Supervolcano Toba memang gunung super, yang letusannya berdampak global, bahkan dipercaya telah mengubah perjalanan manusia modern (Homo sapiens).  Saat Toba meletus, spesies homo sapiens yang menjadi nenek moyang manusia modern nyaris punah. Migrasi terhenti dan mereka terisolasi di suatu tempat di Afrika, seperti yang terekam dalam kemiripan genetika manusia modern di seluruh penjuru dunia.

Inilah periode population bottlenecks yang mengundang tanda tanya para ahli selama puluhan tahun, yang belakangan sering dihubungkan dengan letusan Gunung Toba.
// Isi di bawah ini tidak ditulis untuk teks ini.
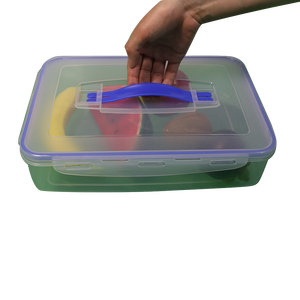 QS-caja <span class=keywords><strong>Rectangular</strong></span> de plástico transparente para almacenamiento de alimentos, contenedor de plástico transparente para guardar alimentos frescos, de calidad segura - Product Image 4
Dengan riwayat yang sedemikian hebat ini, sebagian besar masyarakat di nusantara mengenal Danau Toba lebih karena keindahannya semata dan kekayaan budaya masyarakat yang mendiaminya.

Para pemangku kepentingan, pemandu wisata, para turis asing, bahkan warga yang bertahun-tahun mendiami Kaldera Toba kebanyakan tak paham bahwa di balik keindahan Toba terdapat sejarah mahapenting tentang letusan Supervolcano Toba, yang letusannya telah mengubah dunia.

Kebanyakan warga Samosir tidak mengetahui bahwa daratan yang mereka diami dulunya merupakan dasar danau yang terbentuk dari proses vulkano-tektonik sangat dahsyat. Ifi D Sitanggang (25), warga Samosir, mengatakan, kebanyakan warga memahami Pulau Samosir maupun Danau Toba dari mitos dan dongeng yang dikisahkan orang tua.

Nurlela (40) juga tinggal berpuluh tahun dan hidup dari Kaldera Toba. Perempuan asli Tomok ini sehari-hari berdagang ikan pora-pora, ikan kecil yang banyak terdapat di danau ini. Sedangkan, suaminya bertani. Bagi  Nurlela, air  Danau Toba, batuan, dan tanah Samosir sebatas tempat mencari penghidupan.

Tak pernah terlintas dalam benak Nurlela betapa dahulu di tempatnya hidup itu pernah berdiri gunung yang letusannya mengubah dunia.